高田馬場から歌舞伎『三谷かぶき 月光露針路日本 風雲児たち』&シネマ歌舞伎(2)

2019年6月に歌舞伎座で上演されたのが『三谷かぶき 月光露針路日本 風雲児たち』である。三谷幸喜さんの歌舞伎二作目である。『月光露針路日本』を歌舞伎調で読むと、『つきあかりめざすふるさと』となる。

月光とくると榎本健一さんの『月光価千金(げっこうあたいせんきん)』が浮かぶ。

三谷かぶき 月光露針路日本 風雲児たち』については、2020年6月17日に少し触れていたのでその部分を載せます。

▶ 三谷幸喜さんは歌舞伎の台本も書かれていて演出も。『月光露針路 日本風雲児たち』(つきあかりめざすふるさと)で原作はみなもと太郎さんの長編マンガ『風雲児たち』からである。映画『おろしや国酔夢譚』を観ていたので内容は分かっていたが、ロシアの宮廷をどう描くのかが興味あった。さすが歌舞伎役者さんと舞台装置である。

女帝カテリーナが猿之助さんで公爵ポチョムキンが白鸚さんである。猿之助さんは高杉早苗さんを思い出してしまった。ミュージカルでもベテランである白鸚さんは、さすが外国の高官のそのものであった。お二人で豪華絢爛な宮廷を描いてしまわれた。それに圧倒されながらも負けない光太夫の幸四郎さん。彼の願いは乗組員と途中で亡くなった者たちの魂を日本に連れ帰ることであった。(シネマ歌舞伎として10月上映予定。) ◀

シネマ歌舞伎は観ていなかったのであるが、有料動画配信で観ることができました。そりを引く着ぐるみの犬の突然の登場で雪原を走る場面がぱーっと思い描けたときの感覚は実際の舞台と映像ではやはり違っていた。知っていたとしてでもある。

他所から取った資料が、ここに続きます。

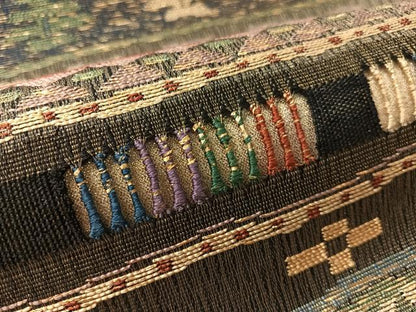 平和屋着物●六通柄袋帯　手織　櫛織　横段吉祥文　金糸　正絹　逸品　CABM2909vp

ただ映像では役者さんの表情がよくわかるのが美点である。三谷幸喜さんは、『決闘!高田馬場』のコメントで歌舞伎座の広さだと広すぎて余ってしまうといわれていたが、余ってしまう場面があった。ラスト大詰め間近で光太夫(幸四郎)に対し、庄蔵(猿之助)、新蔵(愛之助)が胸の内を吐き出す重要な場面がある。熱演であったが何か伝わり方が薄かった。

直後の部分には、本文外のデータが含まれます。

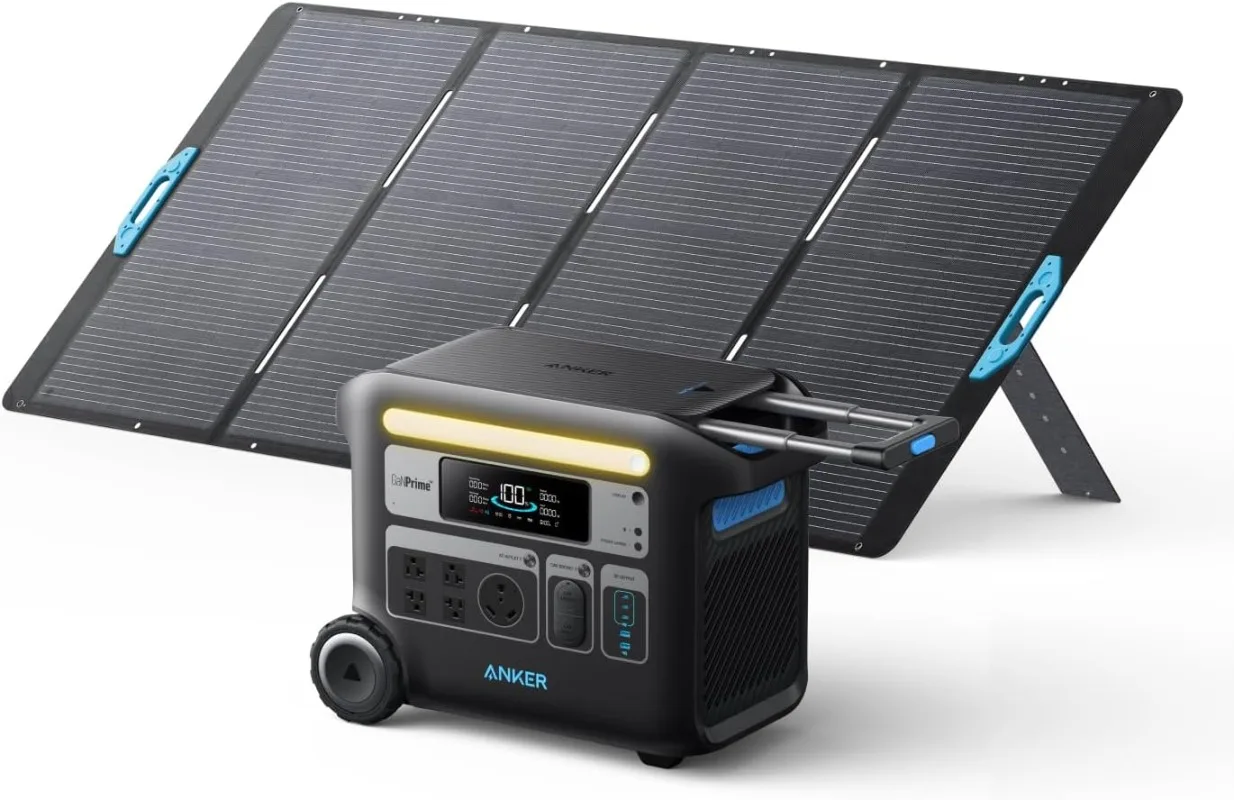 F2000 Solar Generator 2048Wh Portable Power Station with Batteries and 400W Solar Panel GaNPrime Technology 4 AC Outlets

ところが映像のほうでは泣けてしまった。役者さんの表情が映されるため伝わり方の力が強くなるのである。こういう広い舞台空間も三谷さんは浮かんでいたのかもしれない。

さらに舞台を観ていたときは海外の行き来もでき、簡単に行き来のできない今の状況など想像もしていない。そのため感情移入もどこか遠い過去の人である。それが今だと近いので三人の心情に強く反応した面もあるのでしょう。

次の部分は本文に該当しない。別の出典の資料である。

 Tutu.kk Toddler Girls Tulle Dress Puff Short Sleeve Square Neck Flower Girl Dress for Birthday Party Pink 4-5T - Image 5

新作のときは、舞台上でなかなか見られない役者さんたちが多数舞台上に参加するのでそれを観れるのもたのしみです。お化粧しているので見極めるのが難しいのですが。

役者さんだけで数え方が間違っていなければ74人のかたが参加されていた。

注目したのは作次郎の片岡松十郎さんである。朝ドラマ『おちょやん』で岡安の女将のかつての恋人役で出演していた方である。この方であったかと認識できた。朝ドラは観ないのであるが『おちょやん』は浪花千栄子さんがモデルということで、歌舞伎役者さん、大衆演劇の役者さん、関西系の役者さんが出られているので録画して5日間分をまとめて観ている。

舞台もこれだけ多数の役者さんが参加する公演が観られるのはいつであろうか。

映像は一気に集中して観た。涙も心には大切なケアとなるんだそうです。